KARACHI, Aug 10: Over the past 48 hours, rains have inflicted considerable damage on the city’s neglected infrastructure and played havoc with many of its roads, storm-water drains, sewerage lines and power distribution system.

Not only the old and obsolete utility networks collapsed, but also the recently-built underpasses in Liaquatabad and Gharibabad were also rendered unusable, rather dangerous, for commuters as the rainwater turned them into a lakes.

Apparently, the former was flooded with the spillage from the nearby storm-water drain, called Gujjar nullah, which failed to serve the purpose it was laid for, as usual.

The government’s indefensibly belated move to clear the city’s 64 major nullahs and 430 link drains resulted in flooding of various roads and streets, virtually turning them into death traps for motorists and pedestrians.

Ankle-to-knee-deep water remained accumulated on different sections of the so-called “VVIP thoroughfares”, Sharea Faisal and Aiwan-i-Sadr Road, as well as M. R. Kyani Road and Shahrah-i-Liaquat (formerly Frere Road) and the link road on which are situated the Sindh Assembly and Sindh High Court buildings.

Due to the closure of different sections of Sharea Faisal and its link roads by the flooding, access from all sides to the Jinnah Postgraduate Medical Centres could not have been restored till Friday evening.

Various other major and busy arteries, which included parts of M. A. Jinnah Road, main Landhi Road, Deen Mohammad Wafai Road, Mohammad Bin Qasim Road (formerly Burnes Road), parts of Shahrah-i-Quaideen, also remain inundated while innumerable streets in various localities, particularly those in the Old City lanes and low-lying areas remained flooded and unattended.

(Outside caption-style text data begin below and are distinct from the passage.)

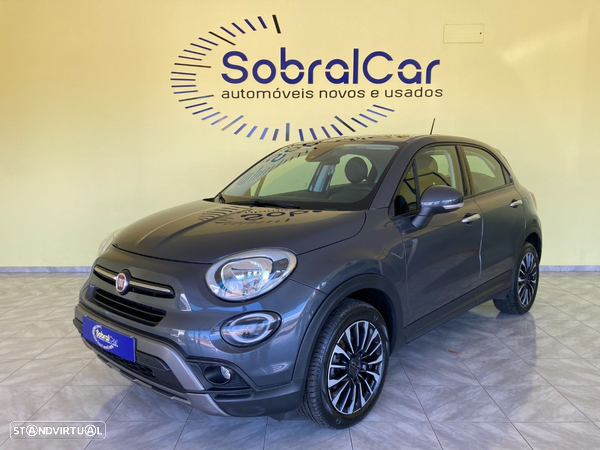 Fiat 500X 1.3 MJ City Cross J18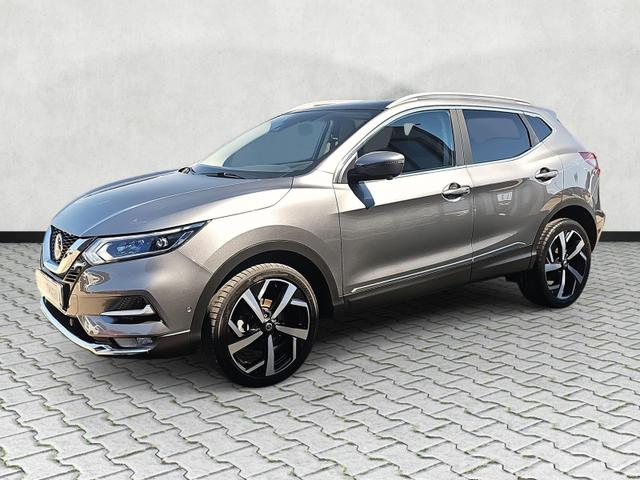 Nissan Qashqai Tekna 1.3 X-Tronic ACC LED Pano Kamera 
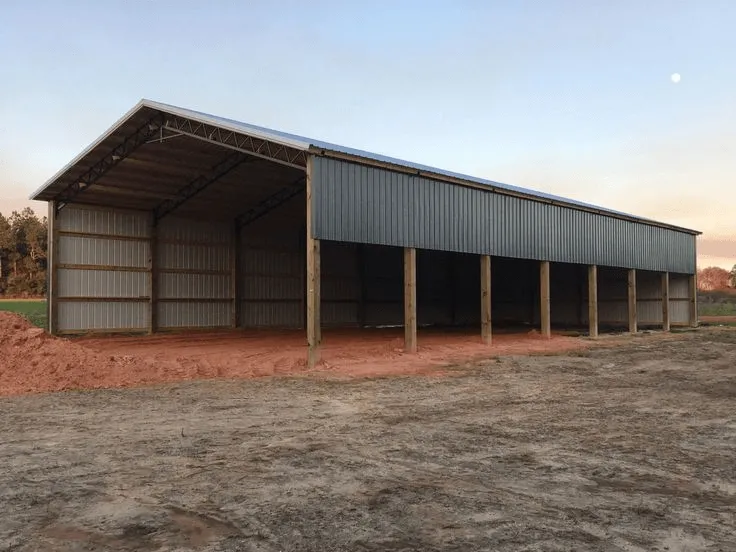 أفضل أنواع الهناجر والمستودعات الأكثر مبيعات حي الحمدانية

The dug-up roads made motorists and bikers vulnerable to accidents and there were many instances where they got their vehicles damaged or sustained injuries while driving over the trenches and potholes covered by rainwater. A perturbed motorist remarked: “It seems that the CDGK is going to create a history by undertaking road construction during the monsoon season unlike their counterparts in all other major cities of the world which usually avoid such work in the June-August period.”